Dir: Kyle Moore
Star: Susan Gayle Watts, Carr Cavender, P.J. Marshall, Robert Morgan
Described on the poster as a “neo-Western”, that’s a fairly accurate assessment. While the setting is contemporary, you could easily imagine much of this taking place a hundred years earlier. There’s nods to the spaghetti flavour of the genre, too, with a nameless drifter of uncertain morality. But, especially early, it is fairly uncompromising in its Arizona identity. So. Many. Saguaros… Indeed, this was partly shot in Safford and Tucson, but the bulk of it was filmed on a 400-acre stretch of land in Klondyke, and is unashamedly rural. In its heroine, if certainly nails the fiercely independent spirit of Arizonans. But that’s getting a bit ahead of itself.

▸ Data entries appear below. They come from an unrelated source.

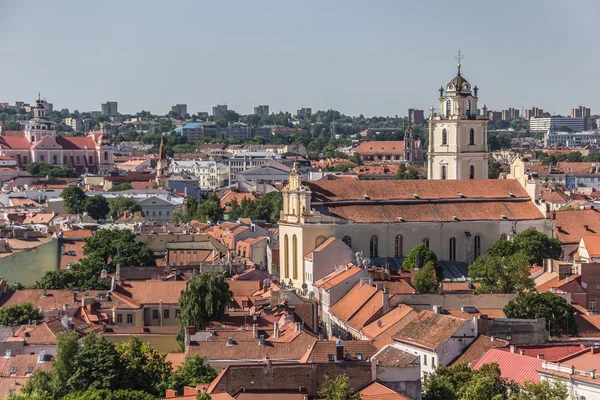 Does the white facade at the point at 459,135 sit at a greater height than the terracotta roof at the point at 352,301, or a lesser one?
greater

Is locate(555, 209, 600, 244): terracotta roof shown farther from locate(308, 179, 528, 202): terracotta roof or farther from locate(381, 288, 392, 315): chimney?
locate(381, 288, 392, 315): chimney

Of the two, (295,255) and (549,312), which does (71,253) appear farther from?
(549,312)

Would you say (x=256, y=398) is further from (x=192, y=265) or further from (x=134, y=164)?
(x=134, y=164)

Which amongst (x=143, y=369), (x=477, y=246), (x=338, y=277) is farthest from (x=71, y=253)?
(x=143, y=369)

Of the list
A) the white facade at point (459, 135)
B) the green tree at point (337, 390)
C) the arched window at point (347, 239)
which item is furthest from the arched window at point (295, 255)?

It begins with a robbery of rare books that goes severely pear-shaped, with one perpetrator injured, and the getaway vehicle wrecked. Plan B, involving hijacking a small plane to head for Mexico, is little more successful. The gang, led by Leduc (Marshall) and Eungard (Morgan), are forced to land short of the border, on a ranch owned by Eden Magness (Watts). They hole up there, taking Eden and their pilot hostage, while they figure out what to do next. There’s dissension in the ranks, not least about how to handle the wounded colleague, and also a wild card in play. For a drifter with no name (Cavender) had stowed away in Eden’s pick-up, and observes the arrival of the robbers, who are unaware of his presence. Will he be able to free the captives? Or will he simply decide to go into business for himself, swipe the loot and high-tail it out of there?
I think the main issue here is a set-up which feels like it’s going to be Die Hard on a ranch – not dissimilar, perhaps, to Close Range – then doesn’t deliver. The drifter is nicely set up as a character of contradictions. In a diner, he defends a woman against abuse from her partner, yet then bilks the establishment out of the bill, with a pre-prepared dead fly. Yet once he arrives on the ranch, and things kick off, he becomes very passive. Not helping in this regard is Watts’s fine performance, which helps steal focus. It’s as if, in Die Hard, Holly McClane had been more interesting than her husband.
On the other hand, Watts helps sustain the movie over some fairly slow patches in the middle, where the pacing could have been bumped up. In general, the performances are good enough to counter what could have become a rather static set-up and execution. There are moments where character motivation could perhaps have used a bit more exposition. However, any time it felt like my interest was about to flag, the writers seemed to read my mind, and the plot would be kick-started forward some more. As a result, it did a decent enough job of holding my attention, and for a debut feature from Moore (his IMDb credits seems mostly as an editor on shorts), is definitely better than some Arizona films I’ve endured.